The generator's loss function is cost(x,y,z) * logp(z|x)
. While the first term is large, logpz becomes all zeros (since the model learns to predict all ones with 100% prob and log(1) = 0). Therefore, the overall loss (and derivative) for the generator becomes zero, leading to this all one's phenomenon.
How did you address this in your code?
The issue is probably due to one of the following reasons:
-
The cost function includes an "sparsity" regularization that tries to suppress the selection too many one's. In my current implementation, the weight of this regularization (--sparsity) has to be carefully tuned, so neither the model selects all one's nor it selects all zero's.
I monitored the % of one's on the training and dev sets, and found a reasonable value range for the beer review dataset. -
Since the learning procedure samples the gradient via REINFORCE, the variance of gradient is high and the model sometimes suddenly "jumps" to the bad optima of selecting all one's or zero's.

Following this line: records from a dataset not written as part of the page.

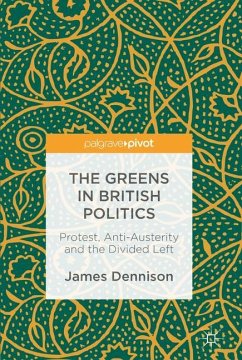 The Greens in British Politics - Dennison, James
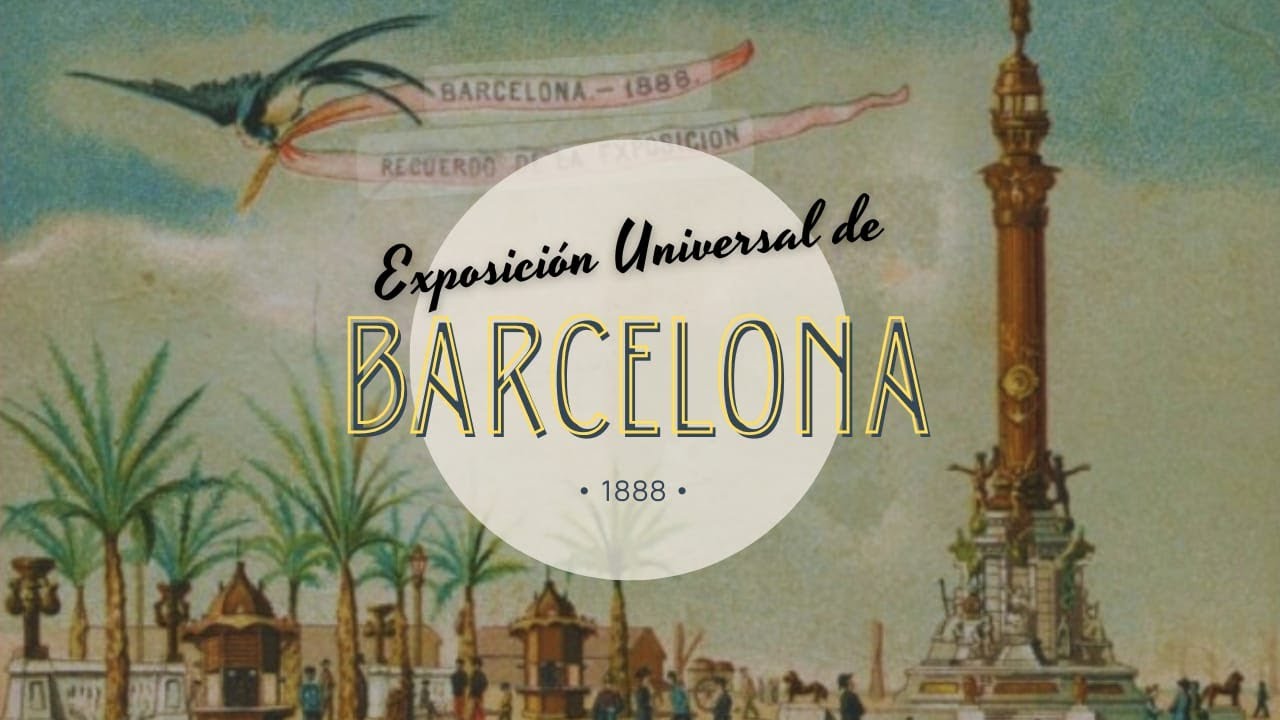 EXPOSICI&Oacute;N UNIVERSAL de BARCELONA 1888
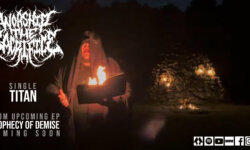Οι WORSHIP THE SACRIFICE παρουσιάζουν το single “Titan” από το επερχόμενο EP “Prophecy of Demise”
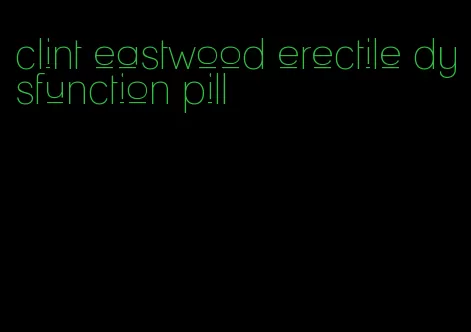 clint eastwood erectile dysfunction pill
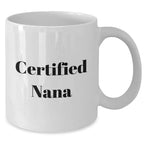 Funny Nana Gifts from Friends, White Coffee Mug for Nana, Graduation Unique Gifts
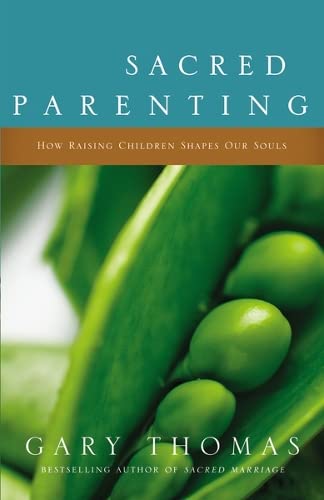 Sacred Parenting: How Raising Children Shapes Our Souls (Gary Thomas)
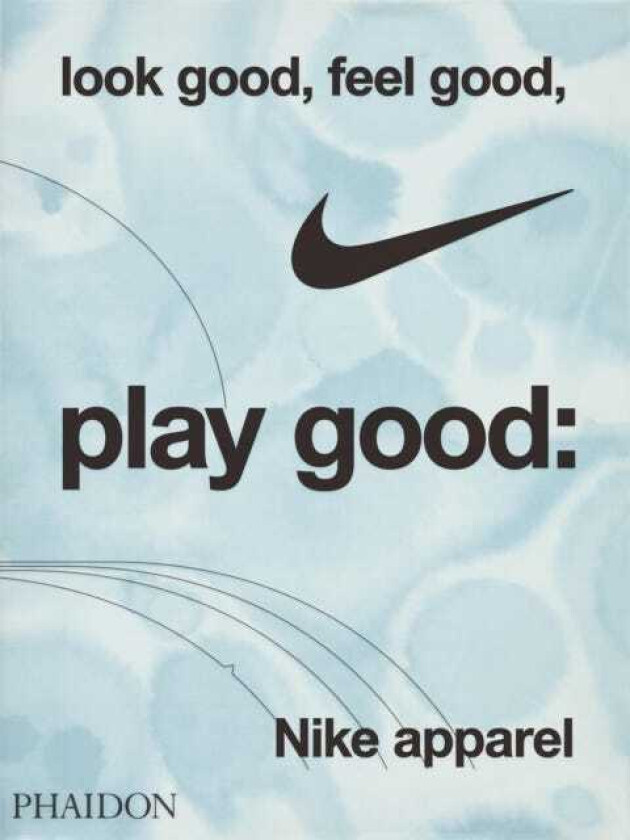 Look Good, Feel Good, Play Good  Nike Apparel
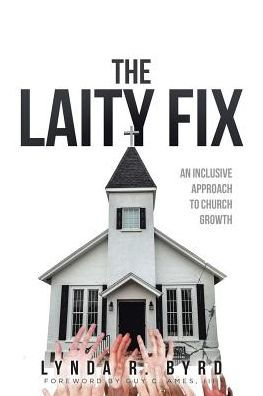 The Laity Fix: An Inclusive Approach To Church Growth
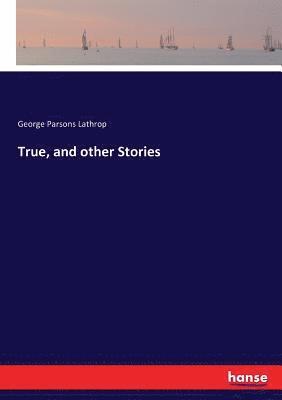 George Parsons Lathrop - True, and other Stories, Häftad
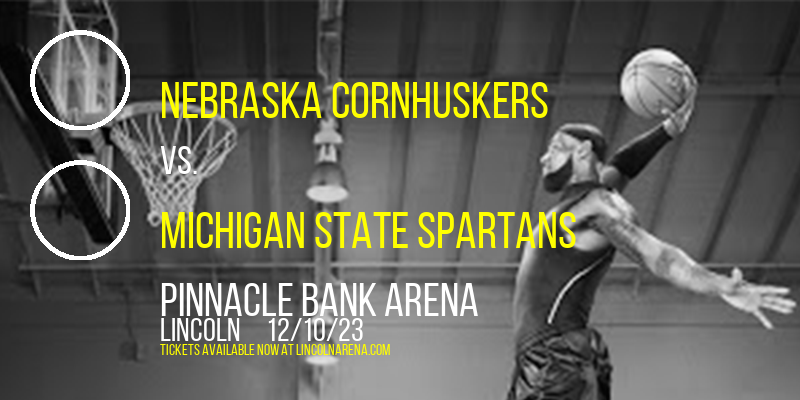 Nebraska Cornhuskers vs. Michigan State Spartans at Pinnacle Bank Arena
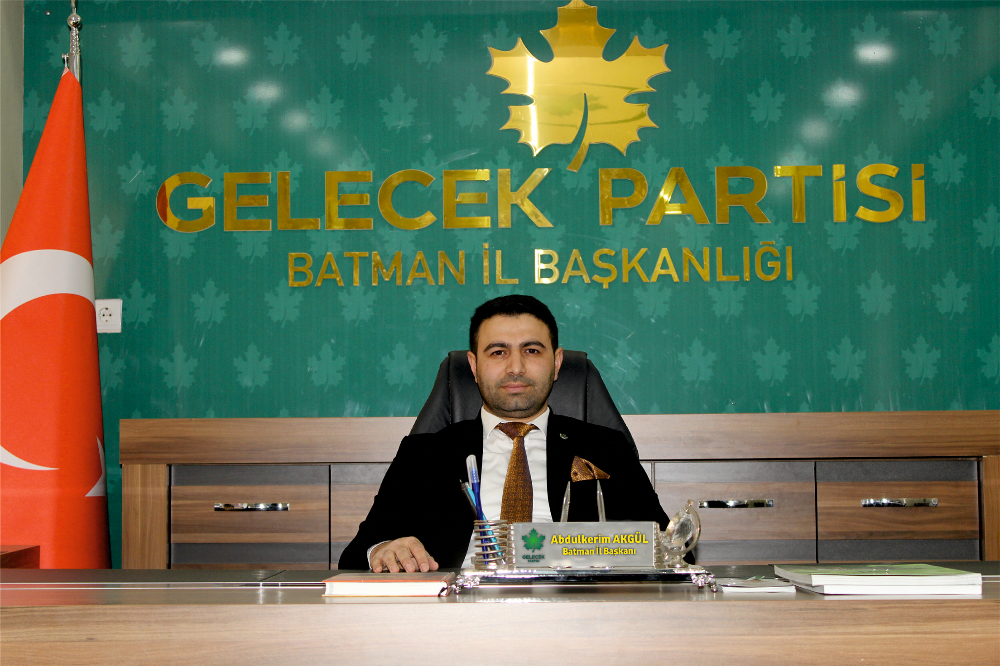 Gelecek Partisi Batman İl Başkanı Akgül’den 29 Ekim Cumhuriyet Bayramı Mesajı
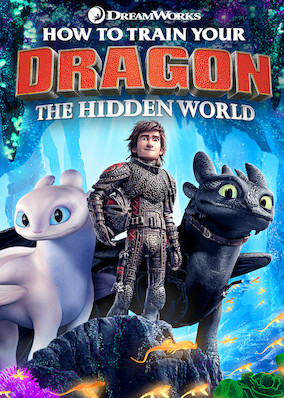 How to Train Your Dragon: The Hidden World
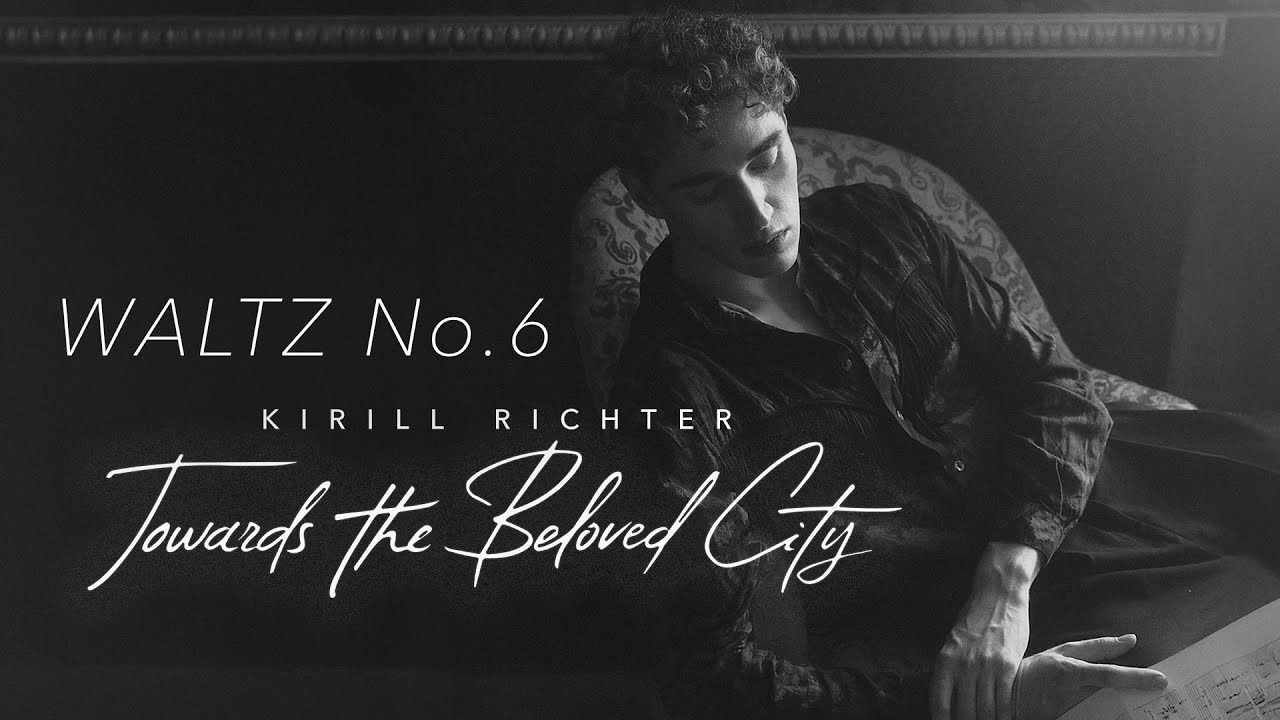 Kirill Richter &ndash; Waltz No. 6 (Towards the Beloved City)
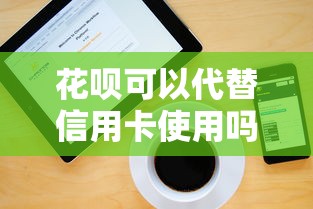 花呗可以代替信用卡使用吗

I saw this more often for the dependent-selection version. To alleviate this, I used a larger batch size of 256 and a smaller initial learning rate. The code also monitors the cost value on train and dev sets. If the cost jumps after one epoch, I redo the parameter changes of this epoch and halve the learning rate. See this.
For general REINFORCE and reinforcement learning, there are more principled ways of reducing the gradient variance. One is called "baseline trick". See Jiwei's follow-up paper (page 8).
Hope this can help!